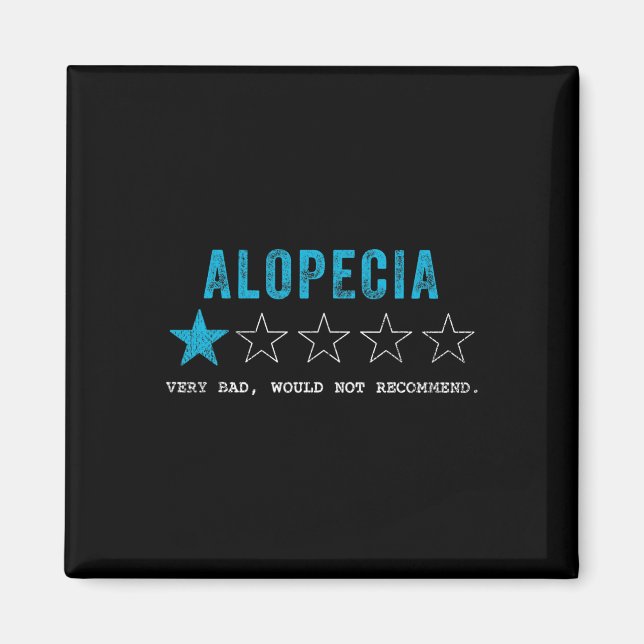 Imã Alopecia Sensibilização Mês Fama de Fita de Fita d (Frente)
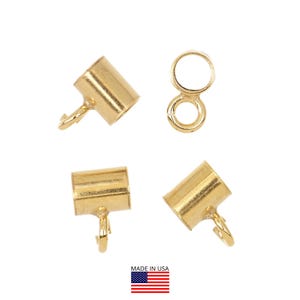 14K Gold Filled Tube Bail w/Open Ring 3x4mm 2Pcs (GF4003609)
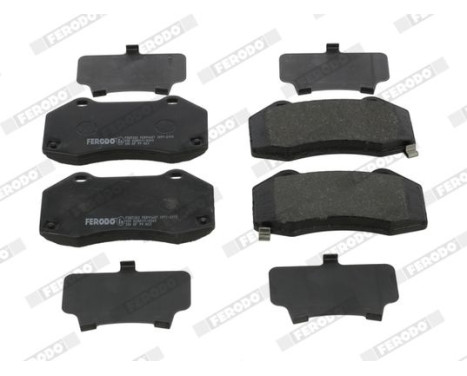 Brake pad set, disc brake FDB5382 Ferodo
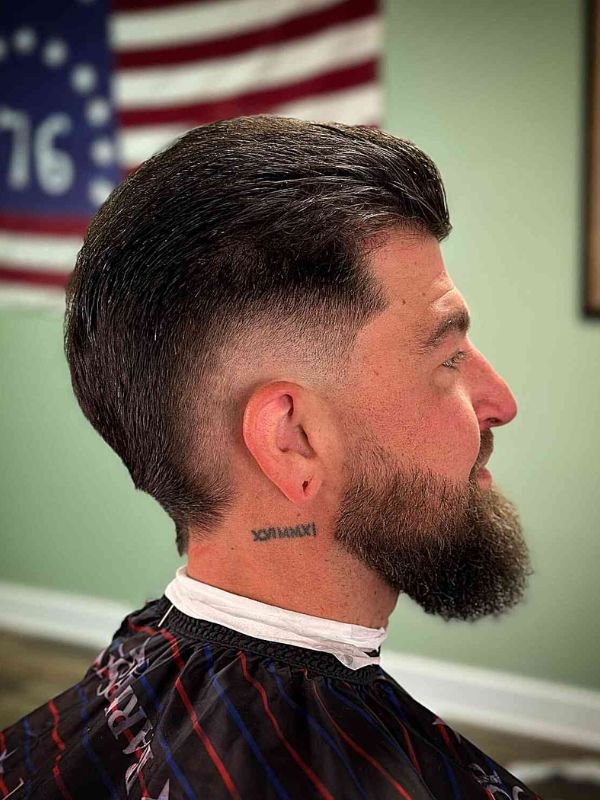  Burst Fade Slick Back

§ §

*THE TASK*. When you retype the material above, keep every word exact and drop the images.

*FINAL ANSWER*.
 Imã Alopecia Sensibilização Mês Fama de Fita de Fita d (Frente)
 14K Gold Filled Tube Bail w/Open Ring 3x4mm 2Pcs (GF4003609)
 Brake pad set, disc brake FDB5382 Ferodo
  Burst Fade Slick Back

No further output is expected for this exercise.